This photograph shows the Garuda shrine, maha mandapa and eastern gopura, Vitthala temple complex, Hampi (Vijayanagara) by Alexander Greenlaw - 1856
This photograph shows an oblique view of an ornately decorated and domed stone shrine which resembles a chariot with large stone wheels and is set in a courtyard. To the left of the shrine is a section of a temple with elaborate detail and clusters of columns. To the right of the shrine is a towering gateway with elaborately sculpted tiers. Further to the right can be seen a small section of another structure which, to an extent, mirrors the section of temple to the left of the picture. The courtyard is overgrown with vegetation. Rocky hills can be seen in the background. Inscription bottom left.

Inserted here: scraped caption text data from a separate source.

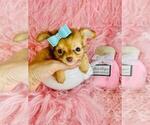 Small #6 Chihuahua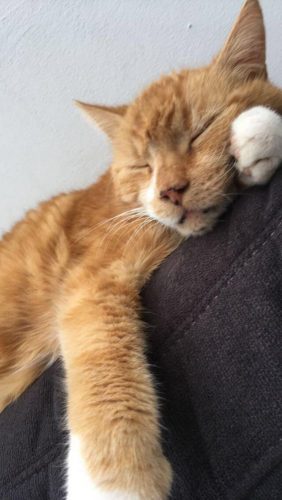 Kitten gezocht als speelkameraadje voor mijn kitten van 3,5 maanden oud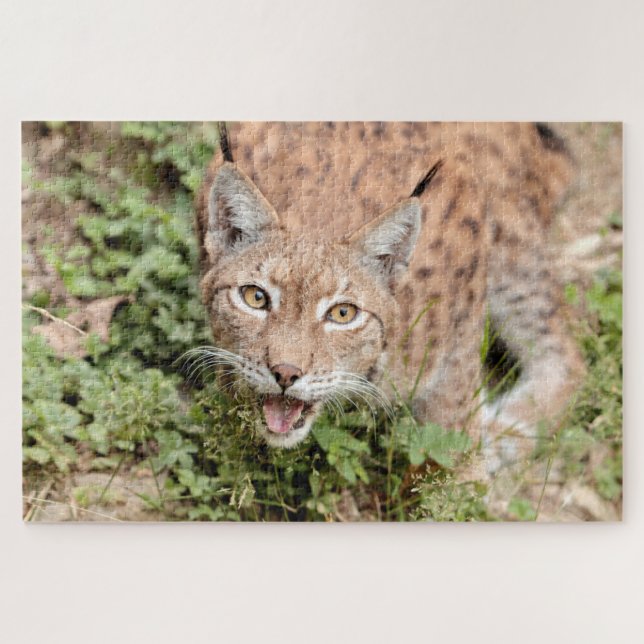 Quebra-cabeça Photo lynx, animais. (Horizontal)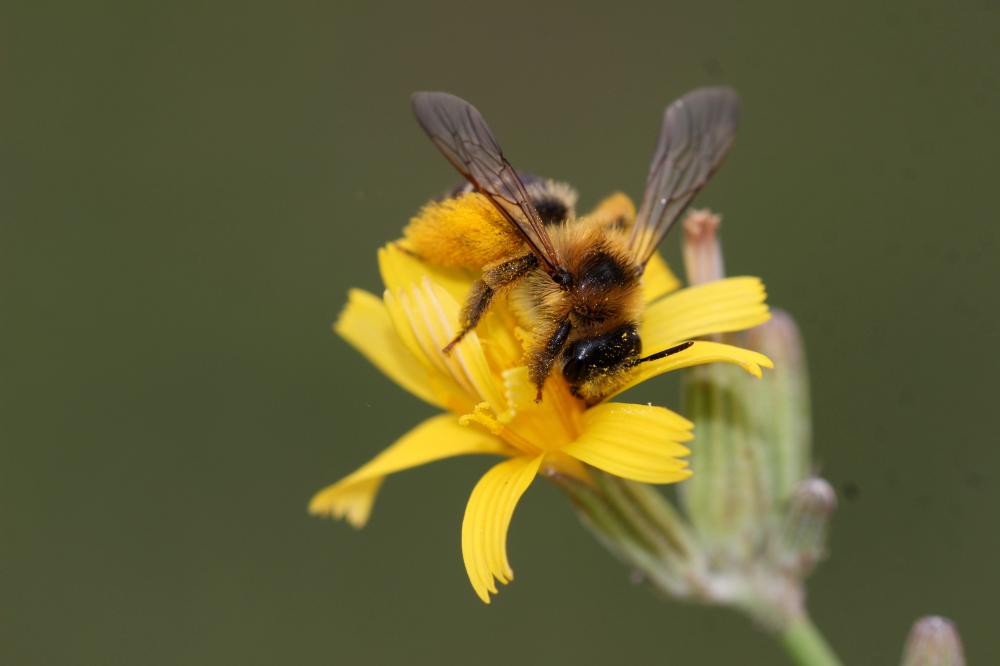  Dasypoda hirtipes (Fabricius, 1793)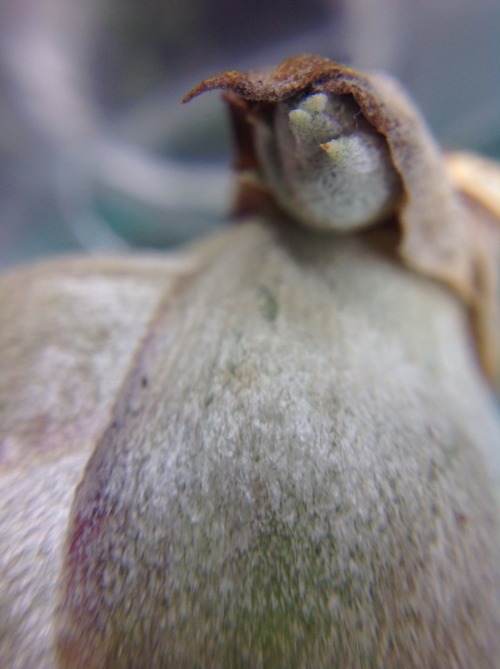 In the fall, my Tillandsia caput-medusae air plant flowered and now it has a pup growing from its ba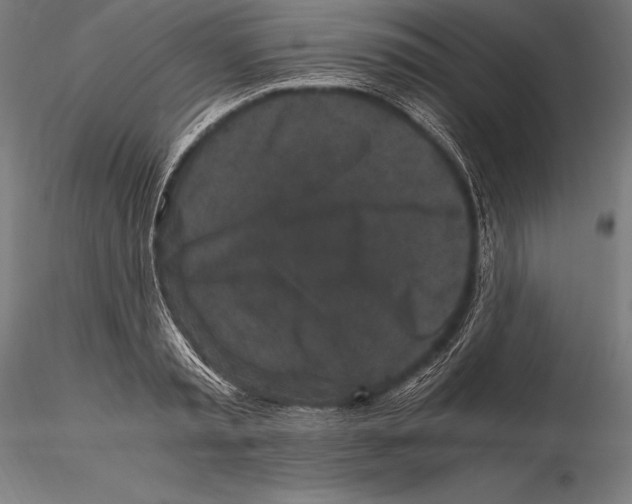 X0000115480797200912040951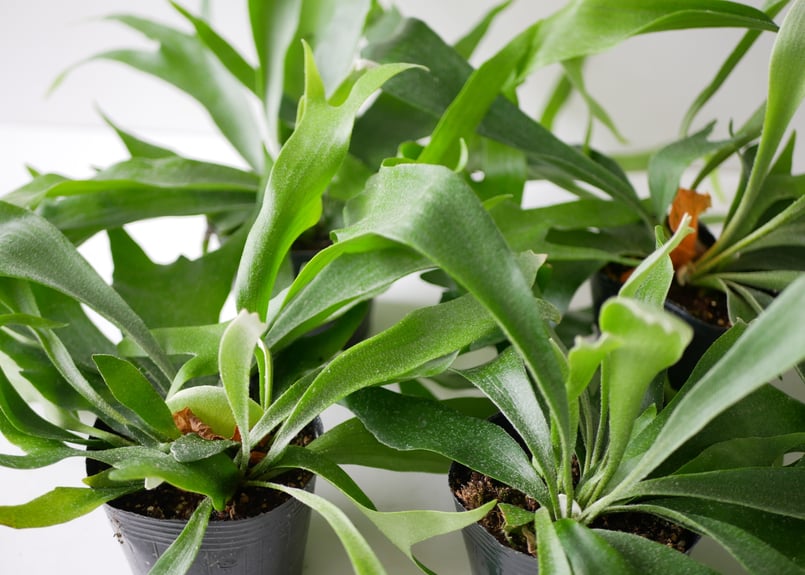 コウモリラン ビカクシダ 着生植物 観葉植物 | インテリアグリーンと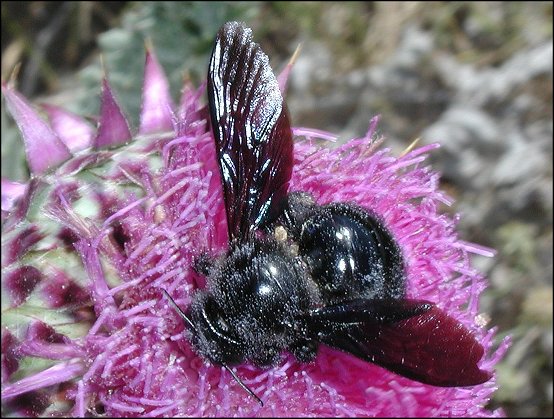 Xylocopa violacea 2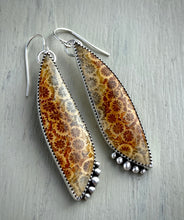 Load image into Gallery viewer, •Sunflower• Fossil Coral Earrings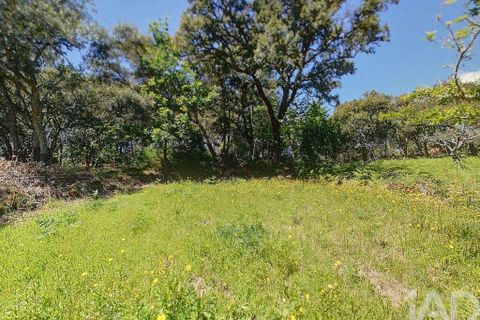 Terra a Serta, Castelo Branco, Serta - € 22.000 | Ref: 920369 - foto 12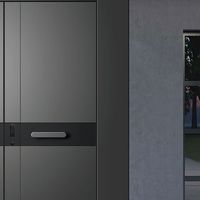 2025 年入户门十大品牌实力剖析，打造家居安全屏障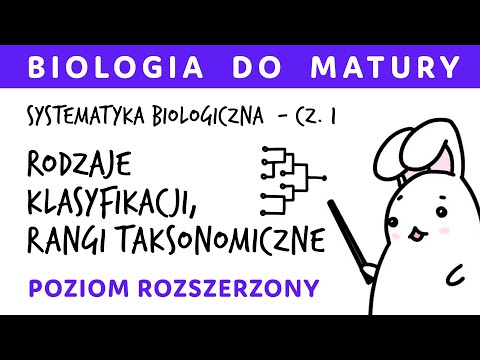 Systematyka biologiczna 1 - rodzaje klasyfikacji, rangi systematyczne, definicja gatunku - biologia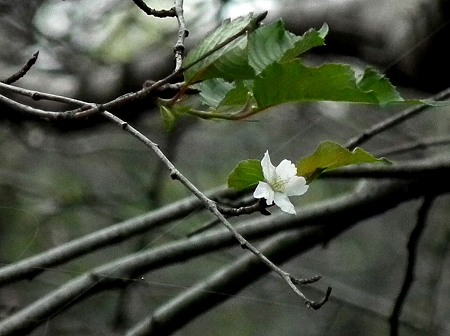 智光山 376 桜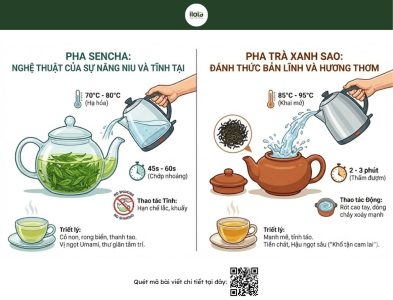 sencha-va-tra-xanh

Vijayanagara, meaning ‘city of victory’ was the imperial capital of the last great Hindu empire to rule south India. Established in 1336 and named after its capital, the Vijayanagara empire expanded and prospered throughout the next century. In 1565, this impressive city was sacked by armies from the Deccan sultanates and never rebuilt. Now known as the ‘Group of Monuments at Hampi’, the site represents the empire’s finest and highest concentration of architecture. Classified into religious, courtly and military buildings, its pillared audience halls and towering gateways are its stylistic hallmarks. Many secular buildings bear Islamic features, displaying the city’s cosmopolitan inception. Some of its religious complexes remain in use today.
Amateur British colonial photographer, Alexander Greenlaw was the first to extensively photograph the site in 1855-56. The resulting series of waxed paper negatives were made available to the V&A and printed in 1910. These are the earliest known prints.